Hence if $\dim \pi^{-1}(p)\geq k+1$, it intersects the $k+1$ hypersurfaces. But it must contradict something right?

Answer 2

I think the current answer doesn't solve the problem, since $a)$ I don't follow the argument for why it is sufficient to consider the case of closed points, and $b)$, it applies a previous theorem about projective space over a field to projective space over a general ring, where I'm not sure it holds.

Here's a complete solution. The problem with the approach one would immediately think of (by applying Vakil's $11.3.C$, or similar results about intersecting closed subschemes of $\mathbb{P}_k^n$ with hyperplanes) is that the fibres are not naturally given to us as closed subsets of projective space over a field, they are given as (not necessarily closed) subsets of projective space over a ring. The fix is surprisingly simple, although a little confusing in the sense that it will give the fibre the structure of a closed subscheme of $\mathbb{P}_k^n$ for a suitable field $k$, in addition to it's already ambiguous status as a subset of $X$ and a scheme in it's own right.

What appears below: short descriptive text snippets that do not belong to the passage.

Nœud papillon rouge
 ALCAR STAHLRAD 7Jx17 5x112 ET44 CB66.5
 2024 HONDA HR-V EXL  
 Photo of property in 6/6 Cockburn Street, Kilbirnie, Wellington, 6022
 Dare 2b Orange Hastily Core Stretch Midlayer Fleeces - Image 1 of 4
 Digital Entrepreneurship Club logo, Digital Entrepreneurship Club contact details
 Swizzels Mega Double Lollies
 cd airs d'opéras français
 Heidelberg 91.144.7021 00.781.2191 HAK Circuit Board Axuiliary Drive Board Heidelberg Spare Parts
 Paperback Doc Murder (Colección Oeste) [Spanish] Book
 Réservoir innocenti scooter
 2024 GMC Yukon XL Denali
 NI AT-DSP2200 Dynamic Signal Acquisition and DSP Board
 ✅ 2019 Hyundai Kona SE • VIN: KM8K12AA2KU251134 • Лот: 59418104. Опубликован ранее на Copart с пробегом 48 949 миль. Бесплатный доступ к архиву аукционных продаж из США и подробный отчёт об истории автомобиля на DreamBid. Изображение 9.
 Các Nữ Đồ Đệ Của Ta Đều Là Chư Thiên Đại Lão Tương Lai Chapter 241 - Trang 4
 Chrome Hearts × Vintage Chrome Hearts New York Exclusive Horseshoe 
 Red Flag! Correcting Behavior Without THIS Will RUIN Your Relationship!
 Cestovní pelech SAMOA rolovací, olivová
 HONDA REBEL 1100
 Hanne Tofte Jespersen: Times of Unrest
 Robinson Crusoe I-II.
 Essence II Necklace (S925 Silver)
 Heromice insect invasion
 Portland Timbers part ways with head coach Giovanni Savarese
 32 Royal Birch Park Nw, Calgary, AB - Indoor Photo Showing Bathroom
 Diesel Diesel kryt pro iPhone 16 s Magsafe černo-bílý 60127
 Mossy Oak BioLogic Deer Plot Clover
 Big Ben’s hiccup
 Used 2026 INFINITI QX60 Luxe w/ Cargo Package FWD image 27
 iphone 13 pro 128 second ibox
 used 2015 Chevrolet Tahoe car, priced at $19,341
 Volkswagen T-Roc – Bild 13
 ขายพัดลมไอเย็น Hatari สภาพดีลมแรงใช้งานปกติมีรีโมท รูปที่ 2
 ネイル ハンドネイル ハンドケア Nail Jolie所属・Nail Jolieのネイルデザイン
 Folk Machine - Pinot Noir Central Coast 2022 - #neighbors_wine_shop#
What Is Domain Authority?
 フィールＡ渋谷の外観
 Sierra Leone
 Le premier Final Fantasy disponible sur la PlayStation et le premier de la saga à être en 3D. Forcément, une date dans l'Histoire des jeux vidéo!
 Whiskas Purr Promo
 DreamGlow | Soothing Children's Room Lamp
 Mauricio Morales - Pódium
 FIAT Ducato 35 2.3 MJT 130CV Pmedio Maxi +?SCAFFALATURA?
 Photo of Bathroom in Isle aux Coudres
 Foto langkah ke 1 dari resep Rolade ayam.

Let $Y_r = \{p \in Y : \dim (\pi^{-1}(p)) \leq r$. We aim to show that $Y_r$ is open.

Take $q \in Y_r$, and let $q \in U \cong \operatorname{Spec}(A)$ be an affine open piece of $Y$, so by projectivity, $V = \pi^{-1}(U)$ is isomorphic to a closed subscheme of $\mathbb{P}_A^n$. Since $\pi: V \rightarrow U$ factors through $\mathbb{P}_A^n$, the map $\pi^{-1}(p)\rightarrow \operatorname{Spec(\kappa(p))}$ factors through $\mathbb{P}_{\kappa(p)}^n$, and since $V \rightarrow \mathbb{P}_A^n$ is a closed embedding, so is $\pi^{-1}(p)\rightarrow \mathbb{P}_{\kappa(p)}^n$. The below is a fibre diagram for the situation:

$$ \require{AMScd} \begin{CD} \pi^{-1}(p) @>>>\mathbb{P}_{\kappa(p)}^n@>>>\operatorname{Spec}(\kappa(p)) \\ @VVV @VVV @VVV\\ V @>>> \mathbb{P}_A^n @>>> \operatorname{Spec}(A) \end{CD} $$

But now $\pi^{-1}(p)$ is a closed subscheme of $\mathbb{P}_{\kappa(p)}^n$, of dimension $\leq r$, and so we may find $r+1$ hyperplanes $H'_i$ in $\mathbb{P}_{\kappa(p)}^n$ such that $\pi^{-1}(p)\cap_i H'_i = \phi$. Now take hyperplanes $H_i \subset \mathbb{P}_A^n$ that have pre-image $H'_i$ in $\mathbb{P}_{\kappa(p)}^n$ (makes sure you know how to do this!). Then it must be the case that $\pi^{-1}(p)\cap_i H_i = \phi$ (since any element of this intersection would come from an element of $\pi^{-1}(p)\cap H'_i \subset \mathbb{P}_{\kappa(p)}^n$ - although this needs a little thought). Then let $U' = U \setminus \pi(X\cap_i H_i)$, an open subset of $Y$ containing $p$.

To finish, we show $U' \subset Y_r$. Let $q \in Y_r$, and then as before we have a closed embedding $\pi^{-1}(q)\rightarrow \mathbb{P}_{\kappa(q)}^n$ and a map $\mathbb{P}_{\kappa(q)}^n\rightarrow \mathbb{P}_A^n$. Letting $H_i''$ be the hyperplanes of $\mathbb{P}_{\kappa(q)}^n$ corresponding to the pre-images of $H_i$, we have that $\pi^{-1}(q) \cap_i H_i'' = \phi$ and so by $11.3.B$, we must have that the dimension of $\pi^{-1}(q)$ is at most $r$.